Doll Tor stone circle
Doll Tor stone circle, Stanton Moor, Derbyshire Map reference: SK238629
Constructed circa 2000BC to 1500BC and consisting of six standing stones, approximately 6m by 4.5m in diameter with five stones of similar size and height and one smaller wider one all no more than a metre in height, with an adjoining cairn. after Ash Cabin Flat, it is the second smallest circle in Derbyshire.
A low prehistoric cairn with a central rectangular stone setting was added later at the eastern end of the circle. In 1993 it was incorrectly reconstructed by persons unknown and wrongly changed to fourteen standing stones. Fortunately it was subsequently reconstructed correctly by English Heritage and the Peak National Park Authority.
Doll Tor was first recorded by Thomas Bateman, when in 1852 he describes a circle of six stones, two of which had fallen. In one afternoon, Bateman and his companions had cleared a space in the centre of the enclosure and discovered a grave containing three or four cinerary urns and as many cinerary cups. Some of these are now housed in the Sheffield City Museum.

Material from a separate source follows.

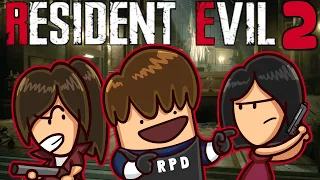 Leon s First Day RE2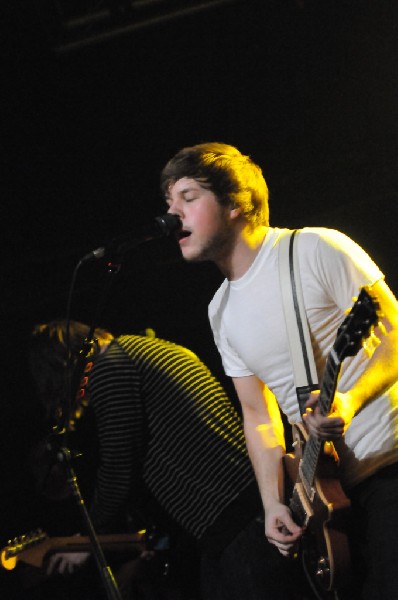 Say Anything  at La Zona Rosa, Austin, Texas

The site remained forgotten and untouched until local Birchover archaeologists J.C. Heathcote and his son J.P. Heathcote excavated it between 1931 and 1933. They rediscovered the stone circle and after further excavations they discovered both plain and decorated cremation urns containing the remains of adults and children, along with other funerary goods such as small pieces of unburnt bronze, scrapers and a couple of unusual faience beads, one star shaped and one segmented. Faience beads, dating to the Early Bronze Age, were made from a glass-like material and were once thought to have originated in distant lands but in recent years are believed to have been made locally in Britain. The Heathcotes uncovered burials at the base of four of the standing stones as well as a number of others in the cairn mound to the east.
It also appears that the damage done in 1993 was not the first time the stones of Doll Tor had suffered at the hands of vandals as Heathcote reports that before excavations in the 1930s were completed, three of the standing stones were maliciously damaged by some unknown persons. Two of the stones were smashed to pieces and had to be cemented back together with considerable patience.